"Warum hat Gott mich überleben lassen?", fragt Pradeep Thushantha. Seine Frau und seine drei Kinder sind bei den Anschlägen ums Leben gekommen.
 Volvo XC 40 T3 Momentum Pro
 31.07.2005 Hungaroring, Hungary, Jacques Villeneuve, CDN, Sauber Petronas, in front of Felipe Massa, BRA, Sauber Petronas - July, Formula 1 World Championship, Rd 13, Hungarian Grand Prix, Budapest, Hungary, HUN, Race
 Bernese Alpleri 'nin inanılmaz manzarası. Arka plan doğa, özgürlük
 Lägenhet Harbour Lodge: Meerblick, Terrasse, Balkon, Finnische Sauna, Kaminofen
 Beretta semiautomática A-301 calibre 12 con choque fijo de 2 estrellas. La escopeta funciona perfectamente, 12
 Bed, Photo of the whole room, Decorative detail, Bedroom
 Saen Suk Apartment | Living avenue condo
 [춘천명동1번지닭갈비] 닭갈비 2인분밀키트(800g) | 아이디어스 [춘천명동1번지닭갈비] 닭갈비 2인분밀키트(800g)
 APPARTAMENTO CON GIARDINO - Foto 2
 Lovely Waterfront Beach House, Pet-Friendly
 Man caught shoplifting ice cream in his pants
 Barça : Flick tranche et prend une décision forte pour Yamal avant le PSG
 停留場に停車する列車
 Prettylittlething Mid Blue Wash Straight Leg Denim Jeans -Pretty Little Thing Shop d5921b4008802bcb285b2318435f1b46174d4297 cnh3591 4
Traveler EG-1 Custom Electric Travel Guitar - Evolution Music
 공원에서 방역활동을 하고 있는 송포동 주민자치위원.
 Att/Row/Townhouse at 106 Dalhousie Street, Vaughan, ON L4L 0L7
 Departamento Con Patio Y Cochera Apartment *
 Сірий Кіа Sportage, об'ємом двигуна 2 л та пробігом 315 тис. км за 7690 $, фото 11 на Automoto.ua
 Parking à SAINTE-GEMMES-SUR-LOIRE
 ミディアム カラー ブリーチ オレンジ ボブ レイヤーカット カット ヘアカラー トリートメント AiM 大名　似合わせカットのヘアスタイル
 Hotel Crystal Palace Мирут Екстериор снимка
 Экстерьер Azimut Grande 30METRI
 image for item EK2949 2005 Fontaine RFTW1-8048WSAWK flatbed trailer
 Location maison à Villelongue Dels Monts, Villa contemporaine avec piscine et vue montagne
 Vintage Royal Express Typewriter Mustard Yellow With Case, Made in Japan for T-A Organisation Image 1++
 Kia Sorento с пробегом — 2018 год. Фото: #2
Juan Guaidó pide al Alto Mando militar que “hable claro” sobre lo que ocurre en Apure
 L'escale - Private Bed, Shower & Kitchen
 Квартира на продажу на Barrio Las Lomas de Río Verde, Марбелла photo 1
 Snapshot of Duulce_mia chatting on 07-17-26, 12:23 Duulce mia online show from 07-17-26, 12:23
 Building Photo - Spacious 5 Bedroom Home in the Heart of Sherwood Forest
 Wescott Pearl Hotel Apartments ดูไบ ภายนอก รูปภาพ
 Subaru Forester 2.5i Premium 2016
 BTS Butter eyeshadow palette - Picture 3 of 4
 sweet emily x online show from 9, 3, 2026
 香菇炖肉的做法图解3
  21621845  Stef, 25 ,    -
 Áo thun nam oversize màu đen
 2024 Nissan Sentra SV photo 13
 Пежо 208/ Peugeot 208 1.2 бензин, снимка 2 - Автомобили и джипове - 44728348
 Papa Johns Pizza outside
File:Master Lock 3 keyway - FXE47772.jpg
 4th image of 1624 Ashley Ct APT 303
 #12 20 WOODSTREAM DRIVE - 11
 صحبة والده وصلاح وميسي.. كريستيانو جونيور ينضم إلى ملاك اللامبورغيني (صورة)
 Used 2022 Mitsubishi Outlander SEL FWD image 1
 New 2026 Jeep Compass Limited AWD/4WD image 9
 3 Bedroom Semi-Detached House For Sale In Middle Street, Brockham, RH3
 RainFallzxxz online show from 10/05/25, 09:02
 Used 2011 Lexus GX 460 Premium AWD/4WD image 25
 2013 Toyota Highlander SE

+===+

Return each line from the data where the string "Used" can be found.

### Response below
 Used 2022 Mitsubishi Outlander SEL FWD image 1
 Used 2011 Lexus GX 460 Premium AWD/4WD image 25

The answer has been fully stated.